In this Voices of Child Health in Chicago report, we explore child health and how it is associated with factors at the family level, such as parent health, household income, and race and ethnicity, and with factors at the neighborhood level, such as local park use and perceptions of neighborhood safety. To learn more about these topics, researchers at Ann & Robert H. Lurie Children’s Hospital teamed up with the Chicago Department of Public Health (CDPH) on the 2018-19 Healthy Chicago Survey, Jr. to ask parents from all 77 community areas in Chicago about their children’s health and their own health.
We asked parents about the health status of their children using a five-option scale. Children who were reported to be in “excellent” or “very good” health were grouped as having “better” health status. Children who were reported to be in “good,” “fair,” or “poor” health were grouped as having “worse” health status. In our survey, 19% of Chicago parents had at least one child who was in worse health. Older children (11+ years old) were more likely to be in worse health (20%) than children who were 6-10 years old (16%) and those who were 0-5 years old (13%), which is consistent with national trends. There was no difference in child health status by gender.
We also asked parents about their own health using the same “better” or “worse” health status groupings as for children. Consistent with our findings from last year, parents who had worse self-reported health status were more likely to have a child(ren) in worse health status (29%) compared with parents who had better self-reported health status (5%).
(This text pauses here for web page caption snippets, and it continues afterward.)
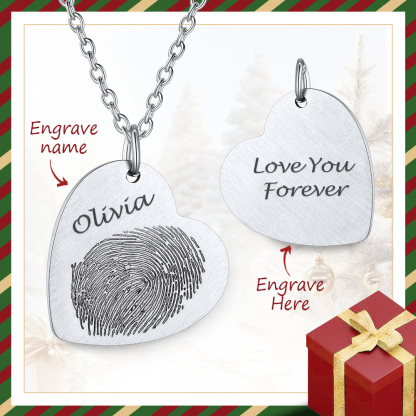 Collier Personnalisé Gravé Empreinte en Acier  Inoxydable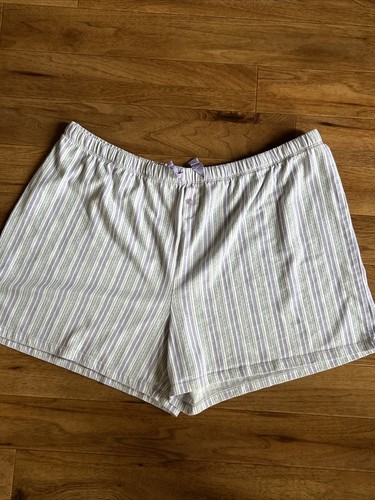 Jockey Lounge Pajama Shorts Purple/Green Stripe Ladies Size XL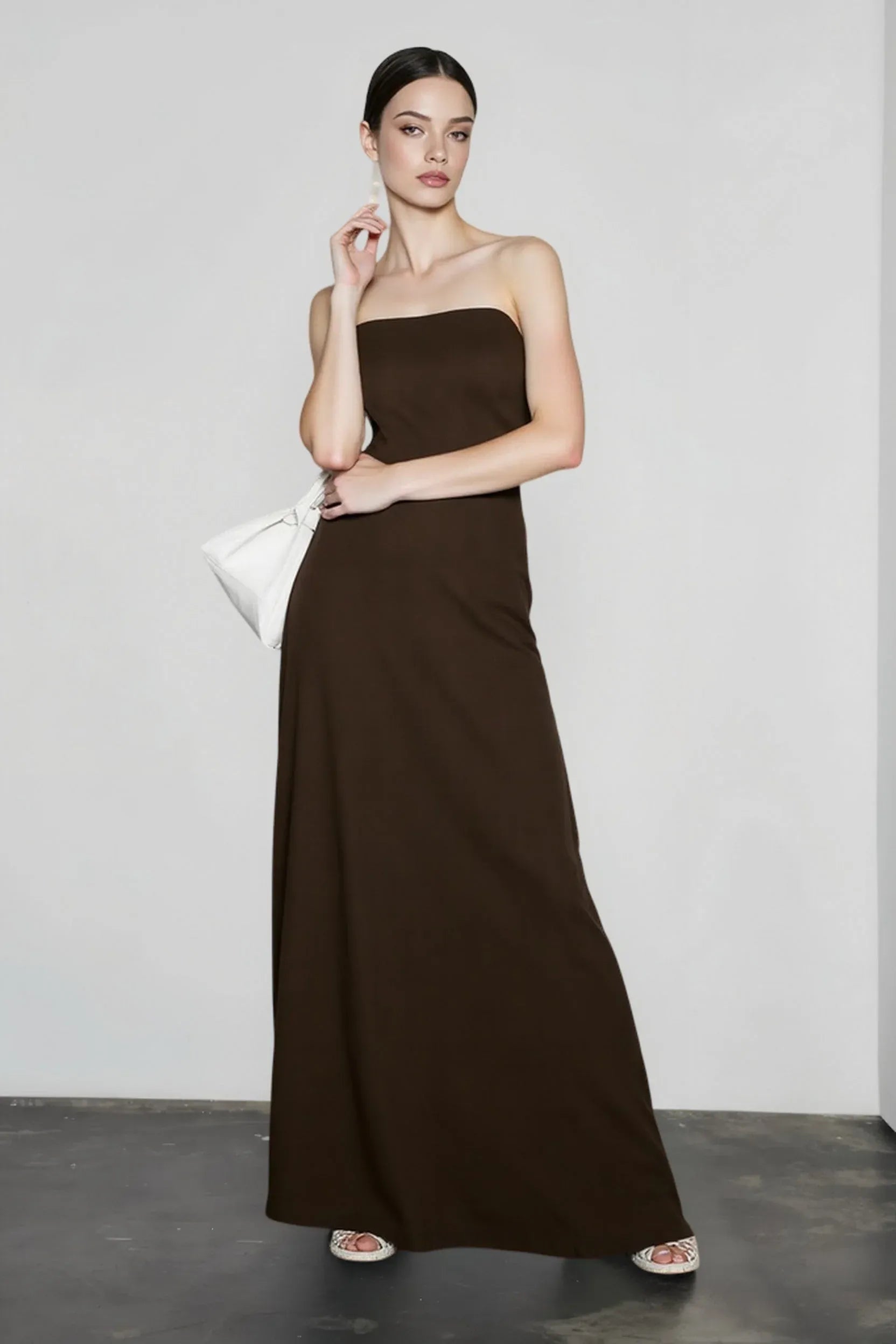 Minimalist A-Line Strapless Smocked-Back Dark Brown Floor-Length Prom Dress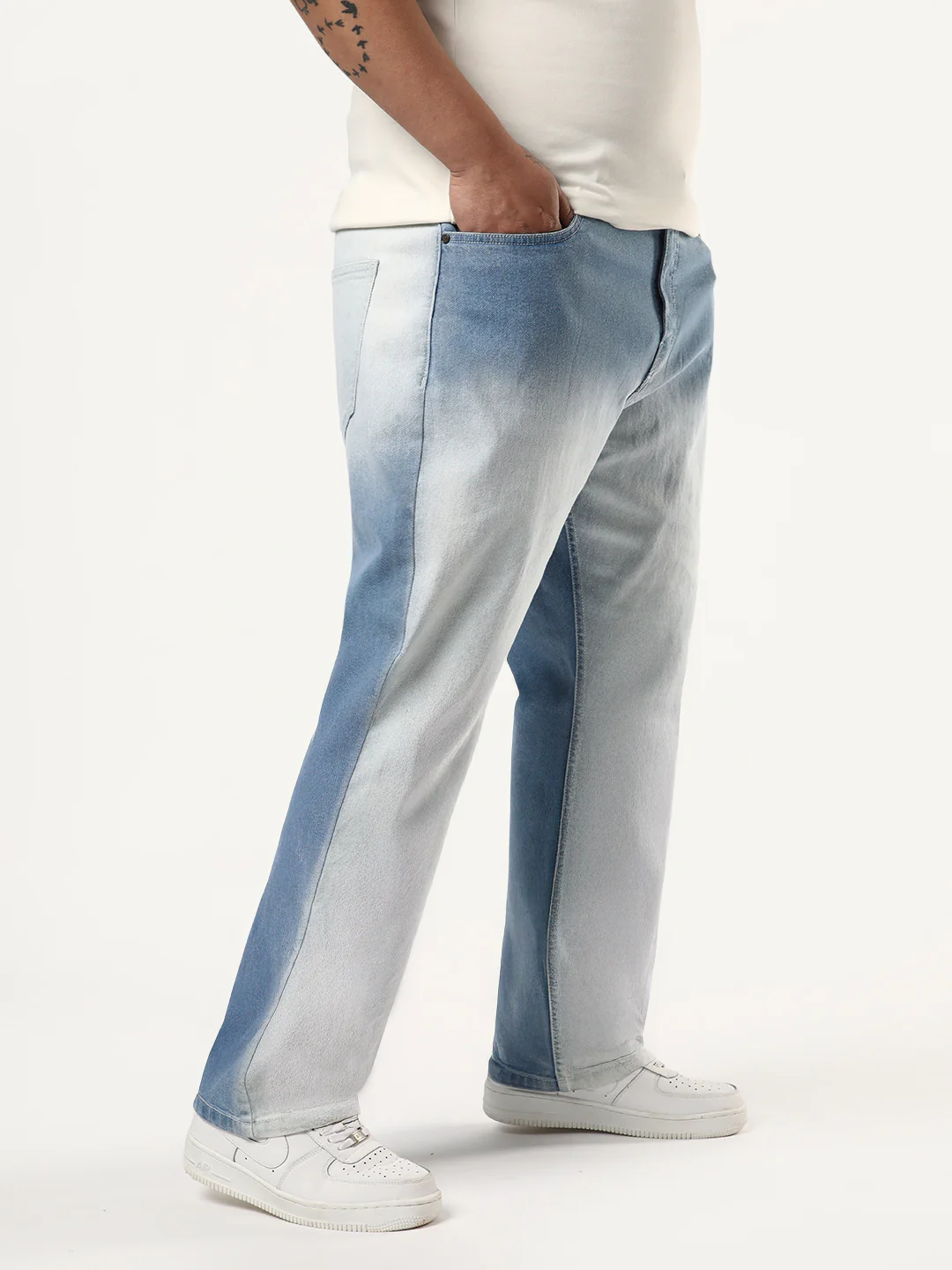 Plus Men's Ice Blue Straight Fit Heavy Washed Faded Denim Jeans Stretchable - Image 2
Additionally, children who had a parent who currently smoked cigarettes were more likely to be in worse health (29%) than children whose parent never smoked (16%) (Figure 1). Parental smoking has been associated with increased rates of child asthma and other respiratory conditions.
Children living in families with household income below the federal poverty line (FPL, which in 2019 was $25,750 for a family of four), were less likely to be in better health (75%), compared with children living in families with low to middle income (100-399% of the FPL) and those with higher household income (400% or above the FPL) (85% and 94%, respectively) (Figure 2).
Children from Non-Latinx White families were the most likely to be in better health (92%), followed by children in Non-Latinx Black families (85%), and children in Latinx families (76%). Racial disparities in health – i.e., worse health for children of color than for white children – was one of the major social concerns that Chicago parents had for youth in Chicago for the past two years. Research suggests that discrimination contributes to health disparities among youth.
Parents who had a child in worse health were less likely to report using their local park (69%) than parents who did not have a child in worse health (81%). When a child is in worse health, accessing local parks may be more difficult for families. Other research has found benefits of park use such as higher levels of physical activity for youth, which in turn is associated with reduced rates of obesity. In our survey, park use was not associated with parent health status.
Parents who reported feeling safe in their neighborhood most of the time or all of the time were more likely to have a child in better health (86%) than parents who only felt safe in their neighborhoods sometimes (79%), and those who said they mostly did not feel safe in their neighborhoods (70%). Other research has shown that adolescents have better mental health if they live in neighborhoods in which neighbors tend to get along and share common values (e.g., social cohesion) and count on each other to take action in the face of everyday problems (e.g., collective efficacy). This indicates that efforts to strengthen neighborhoods may have a positive impact on youth health and youth mental health in particular.